After The New Yorker’s expose on Harvey Weinstein’s misogyny, harassment of women, and rape allegations, The New York Times belatedly got around to its own deluge of Weinstein condemnation. One of the Times’ headlines, on October 11, 2017, read, “Weinstein is Gone [from his company]. But Hollywood Still Has a Problem.”
The April 2017 issue of The Atlantic offered a feature headlined with the words, “Why is Silicon Valley So Awful to Women?” Another Atlantic article’s headline asked the question, “How Bad is Sexism in Silicon Valley?” The more critical question here is not about Silicon Valley practices or movie mogul Harvey Weinstein’s misogyny in Hollywood. Our headlines should read, “Why Are We Not Addressing the National Problem of Sexism and Misogyny in our Culture?”
Currently, and perhaps not for his full term, Donald J. Trump is holding the office of the Presidency of the United States. That is the same Donald J. Trump who was seen and heard stating on a 2005 Access Hollywood tape, “I’m automatically attracted to beautiful women — I just start kissing them; it’s like a magnet. Just kiss. I don’t even wait. And when you’re a star, they let you do it. You can do anything…Grab ’em by the pussy.”
There was more and more and more. Trump followed up with a description of trying to rape a woman: “I moved on her actually. She was down in Palm Beach and I failed. I’ll admit it. I did try to fuck her, she was married … and I moved on her very heavily.” Sixteen different women came out and publicly accused Trump of molesting them. It took more than a little bravery for those women to speak up in the face of public shaming, the Trump circus condemning all of them. Yet their bravery came to no avail.

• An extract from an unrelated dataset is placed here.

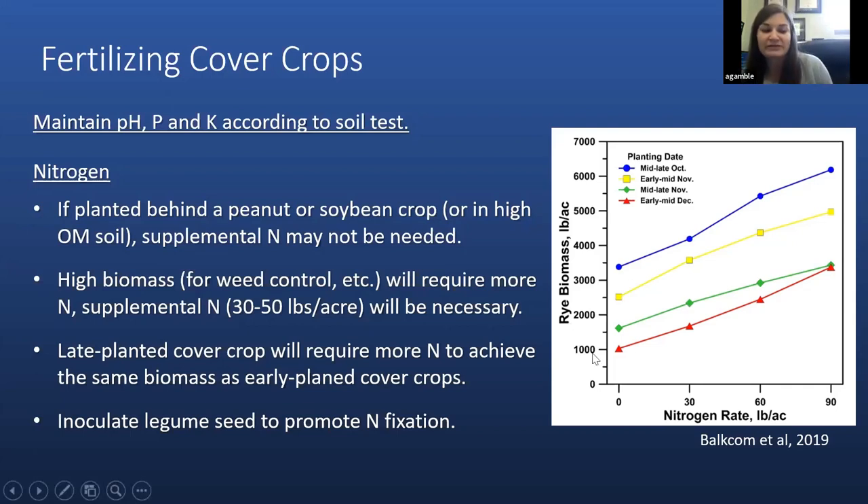If we're planting legume cover crops, we still want to inoculate those to promote nitrogen fixation so they can fix their own nitrogen. With a pure stand, you don't need to supplement any nitrogen, but we do need to make sure that legume seed is inoculated with the proper inoculant.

And “Grab ‘em by the pussy” man was elected President of the United States in November 2016. A quick glance at Trump’s administration, his White House Staff, his Cabinet and judgeship position appointments will immediately cause recognition of the imbalance. Trump’s appointees are the whitest and have the greatest number of males in positions of power since Ronald Reagan. Trump’s sexism is not simply about grabbing and kissing and forcing himself on women. His sexism extends to demeaning a brave woman Mayor of San Juan, Carmen Yulín Cruz, who dared to call him out when FEMA aid came too slowly and with poor coordination for the people of Puerto Rico after Hurricane Maria. Trump referred to Cruz as “nasty,” a term he also used on Hillary Clinton [who actually won the Presidency by over 3 million votes]. Trump accused Mayor Cruz of “poor leadership ability,” and the Puerto Rican people of, “wanting everything done for them,” adding absurd and racist insults to the injuries heaped upon American citizens in Puerto Rico by hurricane Maria.
By all means, let us pay attention to the misogyny in Hollywood and in Silicon Valley. But let us not forget our much larger problem as an American culture, as a nation—in the Halls of Congress, in our application of the law, in our too often indifference to husbands and boyfriends beating, shooting, and killing their wives and lovers.
Our misogyny, our sexism, like our racism, runs old and cuts deep. Acceptance of cruel practices that cause lasting hurt and pain is tied to power. Old, white, obscenely rich men still have the power in this country. They are holding onto it with ferocity.